ChristsDickWorship fucked around with this message at 14:41 on Oct 1, 2013

ChristsDickWorship
Dec 7, 2004

Annihilate your demons



What are you talking about, your clients should have shielded guitars anyway! They don't want their signature tone to cause a buzz that makes the audience want to rip its ears out during what could be their breakout show in the big city, with tons of RF activity everywhere! As an audio engineer you understand electricity way better than some guitar tech, you would be happy to shield their guitar professionally. It will take you half the night, but it can be done for the low price of $100 so that they can come back tomorrow and record! :devil:

(but it better not buzz when you're done)

ChristsDickWorship
Dec 7, 2004

Annihilate your demons



The version of Pro Tools that's pre-OSX is v5 so I doubt it's that. The version of Pro Tools that probably came with that MBox2 is LE v7 or maybe 8. If you can make those run they'll be fine but you probably won't be able to download them from Avid without an account that has the hardware attached to it. Those versions were probably designed to run on Leopard or Tiger though, OSX tends to break Pro Tools pretty thoroughly with each major update.

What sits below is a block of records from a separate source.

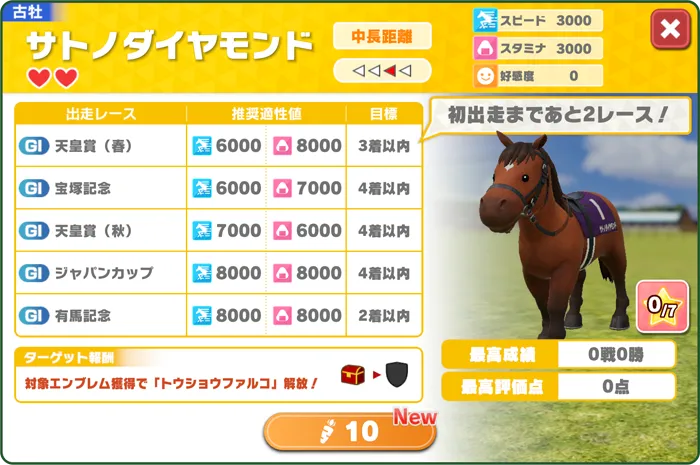 サトノダイヤモンド詳細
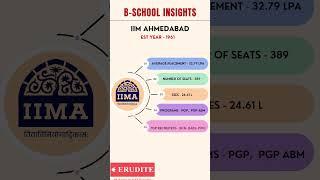  B-School Insights: IIM Ahmedabad #iim #iimahmedabad #youtubeshorts #mba #insight #catexam #iima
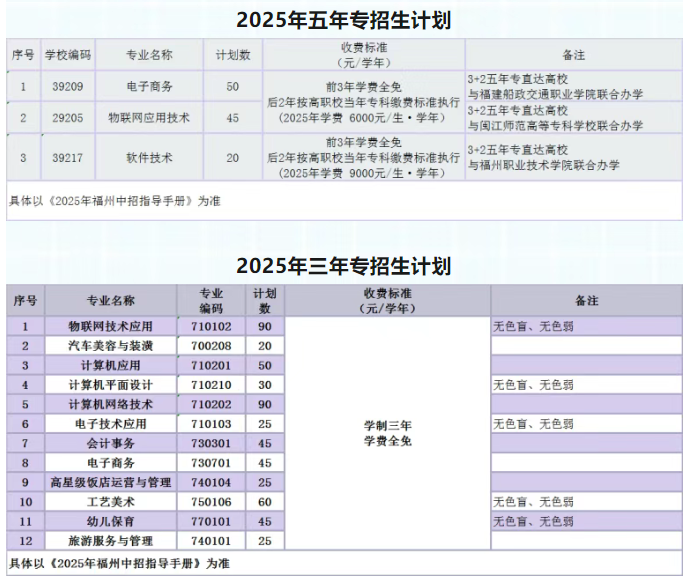 <a href=http://www.tzshuifang.com/school-450/ target=_blank class=infotextkey>���ݽ�(j��ng)�����g(sh��)�_�l(f��)�^(q��)�I(y��)�Ќ��W(xu��)У</a>2025������Ӌ��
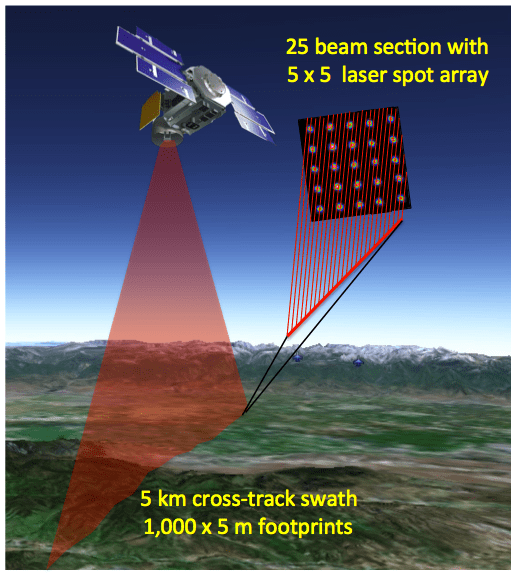 Figure 1. Concept drawing of the LIST satellite generating a 5-kilometer swath containing 1000 beam spots at 5-meters per spot. Image Credit: DJH.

They are at 11 now. They probably don't support 7, 8 or 9 anymore and those were probably the only versions of Pro Tools you could have used/upgraded to for cheap.

ChristsDickWorship
Dec 7, 2004

Annihilate your demons



No features or anything as far as I know. In the older versions of Pro Tools you had to have a Digidesign/Avid interface as a dongle to run the software, but as long as you have the official drivers the interface will work fine with any other DAW. I had an MBox when I bought one of the early Intel MacBook Pros, I want to say it was version 7.1 or 7.3 that finally gave it Intel support. I think you could get the installer for whatever the last stable version of 7 was with that MBox 2, but as I said 7 was probably Tiger or Leopard and won't run in Lion anyway.

What you may run up against eventually is Avid not updating the drivers anymore. If you can find the driver on Avid's site (don't think you need an account for drivers, but sometimes they overhaul things) farther down the page will probably be all the versions of OSes that they support with that release. I couldn't use that MBox 1 to authenticate Pro Tools anymore even if I could run it because there are no drivers that work past Tiger or XP.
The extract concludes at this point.